DESCRIPTION OF THE TASK:
From the line that holds "Bright laundry area" down to the last line of the listing below, reproduce each line exactly and nothing more, omitting pictures.

SOURCE MATERIAL:
##########

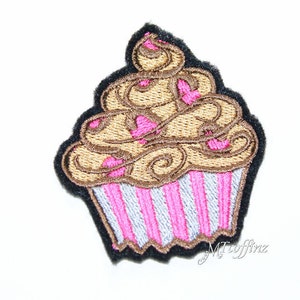 May include: An embroidered cupcake patch in brown and pink, featuring a swirl design and pink hearts. The cupcake is set against a black background.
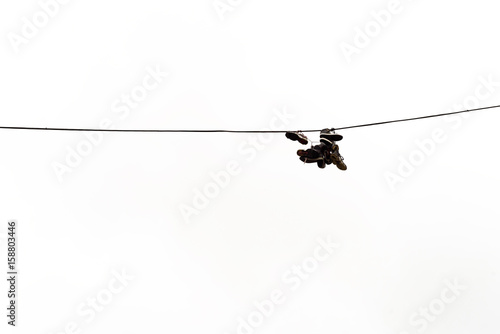 Boots Hanging on Electricty Cable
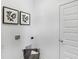 Bright laundry area featuring modern fixtures, artistic wall decor, and a stylish laundry basket at 15387 Alperton Rd, Fishers, IN 46037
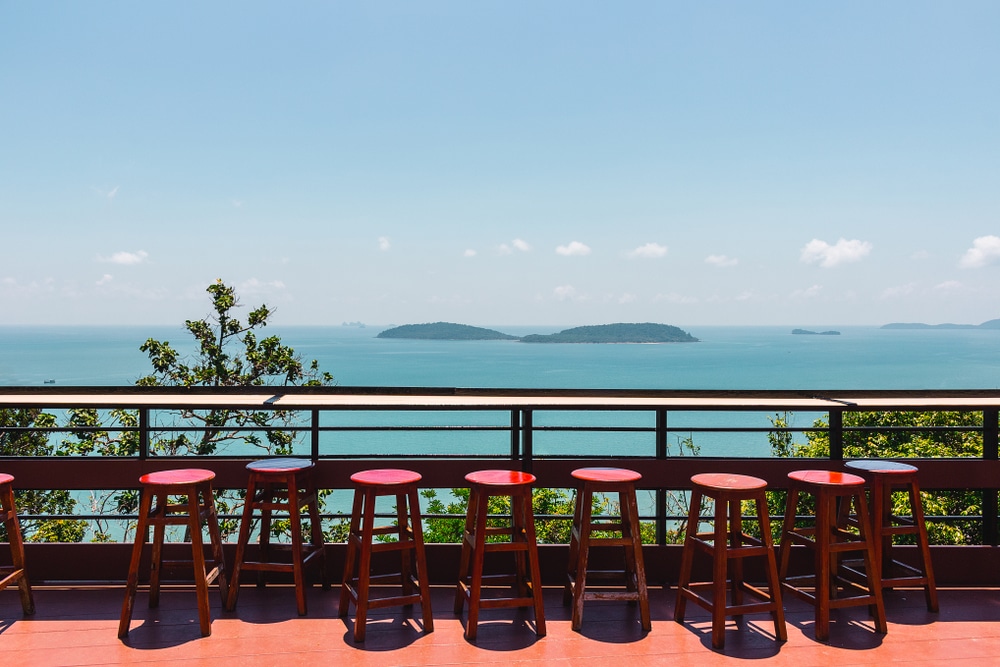 แถวของเก้าอี้บาร์ไม้สีแดงเรียงรายอยู่บนดาดฟ้าที่มองเห็นมหาสมุทรและเกาะไกล ๆ ภายใต้ท้องฟ้าสีฟ้า ชุมพรที่เที่ยว ใส—ภาพที่ชวนให้หลงใหล ณ หนึ่งในสถานที่ท่องเที่ยว ชุมพร ที่ดีที่สุด.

##########

SOLUTION TO THIS PROBLEM:
 Bright laundry area featuring modern fixtures, artistic wall decor, and a stylish laundry basket at 15387 Alperton Rd, Fishers, IN 46037
 แถวของเก้าอี้บาร์ไม้สีแดงเรียงรายอยู่บนดาดฟ้าที่มองเห็นมหาสมุทรและเกาะไกล ๆ ภายใต้ท้องฟ้าสีฟ้า ชุมพรที่เที่ยว ใส—ภาพที่ชวนให้หลงใหล ณ หนึ่งในสถานที่ท่องเที่ยว ชุมพร ที่ดีที่สุด.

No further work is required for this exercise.